Yes, in the above code we sort the vector of vector according to difference of travel cost **(Travel cost to city A – Travel cost to city B)** in **descending order**.

So now we will send **first N/2 employees to city A** whose (A – B) difference is more and **rest N/2 to city B**.

So now we are actually sending all the employees to both the cities at **minimum cost** which was asked in the problem.

Hope this **Greedy Approach** is clear to you guys. We will discuss one more question in this post. So don’t feel if you can’t solve this problem. Just learn how to **approach** the problem and that’s how you will improve.

Now let’s move to our next Question.

**Leetcode 122 : Best Time to Buy and Sell Stock II**

Another Greedy algorithm problem Say you have an array price for which the **ith** element is the price of a given stock on **day i**.

Design an **algorithm** to find the **maximum profit**. You may complete as many transactions as you like (i.e., buy one and sell one share of the stock multiple times).**Note**: You may not engage in multiple transactions at the same time **(i.e., you must sell the stock before you buy again)**.**Example 1**:**Input**: [7,1,5,3,6,4]**Output**: 7**Explanation**: Buy on day 2 (price = 1) and sell on day 3 (price = 5), **profit = 5-1 = 4**.

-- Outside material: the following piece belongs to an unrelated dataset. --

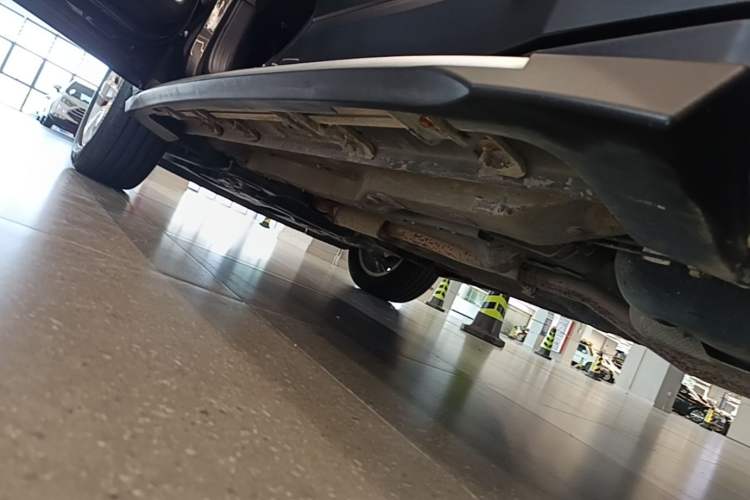 Used Jeep Compass 2017 200T Automatic Family Edition Left Side Sill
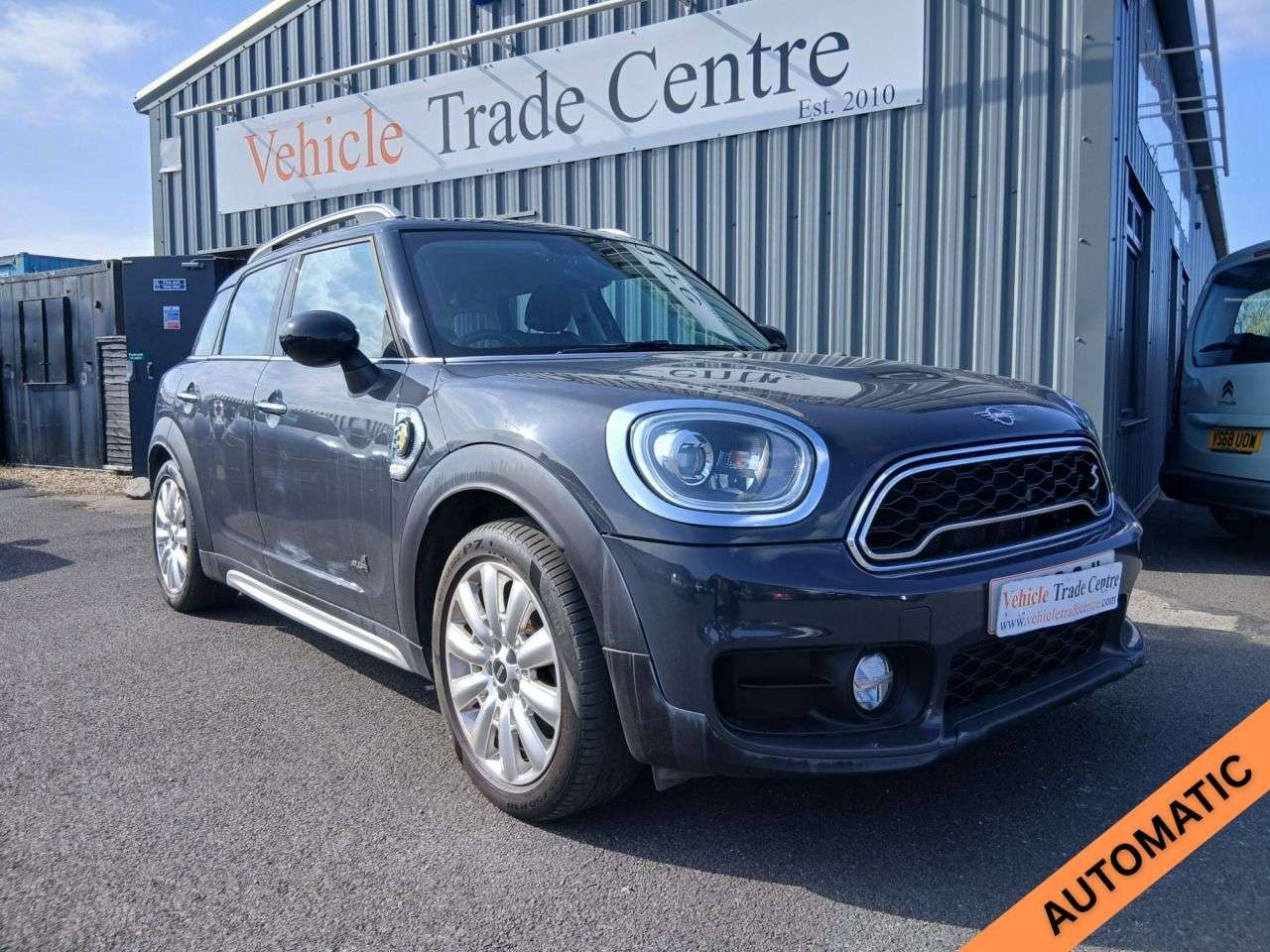 A 2019 MINI COUNTRYMAN 1.5 7.6kWh GPF Cooper SE SUV 5dr Petrol Plug-in Hybrid Auto ALL4 Euro 6 (s/ A 2019 MINI COUNTRYMAN 1.5 7.6kWh GPF Cooper SE SUV 5dr Petrol Plug-in Hybrid Auto ALL4 Euro 6 (s/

Then buy on day 4 (price = 3) and sell on day 5 (price = 6), **profit = 6-3 = 3**.**Example 2**:**Input**: [1,2,3,4,5]**Output**: 4**Explanation**: Buy on day 1 (price = 1) and sell on day 5 (price = 5), **profit = 5-1 = 4**.**NOTE** that you cannot buy on day 1, buy on day 2 and sell them later, as you are engaging **multiple transactions** at the same time. **You must sell before buying again**.**Example 3**:**Input**: [7,6,4,3,1]**Output**: 0**Explanation**: In this case, no transaction is done, i.e. **max profit = 0**.**Constraints:**

1 <= prices.length <= 3 * 10 ^ 4

0 <= prices[i] <= 10 ^ 4

**Analysis of Problem Statement**

You are given an array of prices where **ith** element is the price of a given stock on **day i**.

Like for example, if the price of one share of the stock is **Rs 5 on day 1** and its price is **Rs 7 on day 2**, so you can buy that share on day 1 and can sell it on day 2 to **earn Rs 2 profit.**

Here you are given an array list and you can **buy and sell **the share to earn profit. Now you have **design the algorithm** such that you can **maximum profit**.

Also you can one buy and sell one share **at a time**.

Let’s take an example,

Like in the above example, if you buy a share on **day 0** (7) and sell it on **day 1** (1), you have to suffer a loss. So it’s better not to buy share on day 0.

Now I think **problem statement** is clear, you have to buy and sell share to earn maximum profit.**Output of above example** : 7

In the above example, you can buy stock on **day 1** (1) and can sell it on **day 2** (5) to earn a **profit of 4** and similarly if you buy a stock on **day 3** (3) and sell it on **day 4** (6), you will earn a **profit of 3** from that share. So **maximum profit you can earn is (4 + 3 = 7)**.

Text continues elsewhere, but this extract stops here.